The vastdb package (“vast-py”) installs with pip install vastdb. You connect with an endpoint plus access / secret keys, then run operations inside a session.transaction() block. The hierarchy is bucket → schema → table (PyArrow schemas): table.insert(pyarrow_table) writes rows, and table.select(...) returns a streaming reader with predicate and projection pushdown expressed via Ibis (e.g. (_.c2 > 2) & _.c3.isnull()).

pip install vastdb  ·  quickstart.py
import pyarrow as pa
import vastdb
from ibis import _

# 1. Connect: endpoint + access / secret keys
session = vastdb.connect(
    endpoint="http://vip-pool.vast.example.com",
    access="ACCESS_KEY",
    secret="SECRET_KEY",
)

# 2. Everything runs inside an ACID transaction
with session.transaction() as tx:
    # bucket -> schema -> table
    schema = tx.bucket("ml").schema("features")
    table = schema.table("user_events")

    # 3. Insert a PyArrow table (row ingest -> SCM buffer)
    batch = pa.table({
        "user_id": [101, 102, 103],
        "c2": [5, 1, 9],          # int column
        "c3": ["a", None, "c"],   # nullable string
    })
    table.insert(batch)

    # 4. Streaming read with predicate + projection pushdown (Ibis)
    reader = table.select(
        columns=["user_id", "c2"],
        predicate=(_.c2 > 2) & _.c3.isnull(),
    )

    # 5. reader is a pyarrow.RecordBatchReader -> pandas
    df = reader.read_all().to_pandas()
    print(df)

Arrow-native end to end: reads stream as a pyarrow.RecordBatchReader, so predicate and projection filtering happen in storage before any bytes cross the wire.

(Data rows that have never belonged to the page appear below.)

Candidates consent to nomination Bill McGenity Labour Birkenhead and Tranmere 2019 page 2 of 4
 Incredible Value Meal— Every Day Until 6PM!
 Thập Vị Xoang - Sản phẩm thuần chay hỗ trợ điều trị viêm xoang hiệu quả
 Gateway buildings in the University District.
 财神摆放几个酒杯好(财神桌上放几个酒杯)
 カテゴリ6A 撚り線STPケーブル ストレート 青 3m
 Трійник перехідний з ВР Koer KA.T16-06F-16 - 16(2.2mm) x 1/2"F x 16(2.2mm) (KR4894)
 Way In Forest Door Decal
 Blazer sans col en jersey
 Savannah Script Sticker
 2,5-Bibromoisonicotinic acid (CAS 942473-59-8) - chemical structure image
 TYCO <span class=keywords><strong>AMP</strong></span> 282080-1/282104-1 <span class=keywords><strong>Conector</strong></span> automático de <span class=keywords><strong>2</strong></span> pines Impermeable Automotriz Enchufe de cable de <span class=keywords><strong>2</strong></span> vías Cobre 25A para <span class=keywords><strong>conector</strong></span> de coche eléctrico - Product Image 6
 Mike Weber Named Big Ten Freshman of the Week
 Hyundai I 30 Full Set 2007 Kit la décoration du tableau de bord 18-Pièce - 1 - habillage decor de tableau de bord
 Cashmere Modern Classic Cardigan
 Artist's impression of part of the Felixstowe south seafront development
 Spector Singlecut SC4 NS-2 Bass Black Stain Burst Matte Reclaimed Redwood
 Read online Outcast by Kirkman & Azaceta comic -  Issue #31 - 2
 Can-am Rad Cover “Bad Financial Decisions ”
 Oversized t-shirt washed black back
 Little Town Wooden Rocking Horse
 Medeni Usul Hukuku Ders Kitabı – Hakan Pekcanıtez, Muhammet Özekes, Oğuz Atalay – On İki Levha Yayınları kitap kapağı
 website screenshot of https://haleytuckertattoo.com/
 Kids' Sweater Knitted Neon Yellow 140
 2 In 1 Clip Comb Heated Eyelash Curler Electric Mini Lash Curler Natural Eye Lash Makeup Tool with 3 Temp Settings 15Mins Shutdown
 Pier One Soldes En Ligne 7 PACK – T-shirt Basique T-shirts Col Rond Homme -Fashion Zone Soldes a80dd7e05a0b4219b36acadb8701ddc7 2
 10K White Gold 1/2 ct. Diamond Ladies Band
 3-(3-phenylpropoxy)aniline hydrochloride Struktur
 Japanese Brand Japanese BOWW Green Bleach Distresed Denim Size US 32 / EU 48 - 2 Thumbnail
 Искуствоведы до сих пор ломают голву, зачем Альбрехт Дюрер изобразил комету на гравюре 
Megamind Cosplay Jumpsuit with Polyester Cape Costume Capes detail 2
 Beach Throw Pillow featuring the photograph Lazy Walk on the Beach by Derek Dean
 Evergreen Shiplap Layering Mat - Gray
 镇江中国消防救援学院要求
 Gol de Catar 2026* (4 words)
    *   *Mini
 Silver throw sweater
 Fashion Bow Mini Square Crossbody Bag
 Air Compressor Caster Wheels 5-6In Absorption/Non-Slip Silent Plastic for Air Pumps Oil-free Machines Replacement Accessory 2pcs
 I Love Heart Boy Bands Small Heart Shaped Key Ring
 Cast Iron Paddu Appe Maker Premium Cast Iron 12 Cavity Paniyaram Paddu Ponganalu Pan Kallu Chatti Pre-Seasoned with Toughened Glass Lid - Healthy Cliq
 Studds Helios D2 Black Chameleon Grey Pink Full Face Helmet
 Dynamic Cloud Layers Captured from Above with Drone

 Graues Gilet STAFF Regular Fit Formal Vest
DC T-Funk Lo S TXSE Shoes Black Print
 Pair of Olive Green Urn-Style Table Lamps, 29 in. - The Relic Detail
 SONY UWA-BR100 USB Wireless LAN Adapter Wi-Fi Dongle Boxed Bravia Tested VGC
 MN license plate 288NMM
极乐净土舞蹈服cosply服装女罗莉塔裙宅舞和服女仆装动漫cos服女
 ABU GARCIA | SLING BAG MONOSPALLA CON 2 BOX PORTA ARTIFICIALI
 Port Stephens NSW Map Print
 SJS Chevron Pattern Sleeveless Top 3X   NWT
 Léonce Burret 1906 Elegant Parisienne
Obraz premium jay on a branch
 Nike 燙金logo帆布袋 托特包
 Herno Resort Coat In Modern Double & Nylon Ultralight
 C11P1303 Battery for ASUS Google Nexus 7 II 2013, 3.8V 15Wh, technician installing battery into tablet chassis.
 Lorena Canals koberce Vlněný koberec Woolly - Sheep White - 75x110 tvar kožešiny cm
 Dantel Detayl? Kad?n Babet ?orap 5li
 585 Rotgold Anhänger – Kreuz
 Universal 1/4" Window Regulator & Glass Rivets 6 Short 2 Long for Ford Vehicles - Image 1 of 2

Beyond the basics: semi-sorted projections for fast secondary lookups, S3 Parquet import without a client-side copy, the VAST Catalog (query the filesystem itself as a table), and snapshots for point-in-time reads.

Serving features & metadata to AI pipelines

Because the table format holds fresh, mutable data and large-scale analytics together, AI pipelines read current, consistent data with no ETL hops. Features and metadata are served in real time from the source of truth: an agent can update a record and immediately query it, training jobs read the same tables that production writes, and the Event Broker exposes streams as queryable tables - closing the loop between operational and analytical data.

Real-time feature serving

Low-latency point lookups against live tables - no separate feature store to keep in sync.

Fresh metadata for agents

Agents read and mutate the same tables, so context is never stale.

Streams as tables

The Event Broker surfaces event streams as queryable tables for online + offline use.

Train where you serve

Training reads the same namespace production writes - one copy, one governance model.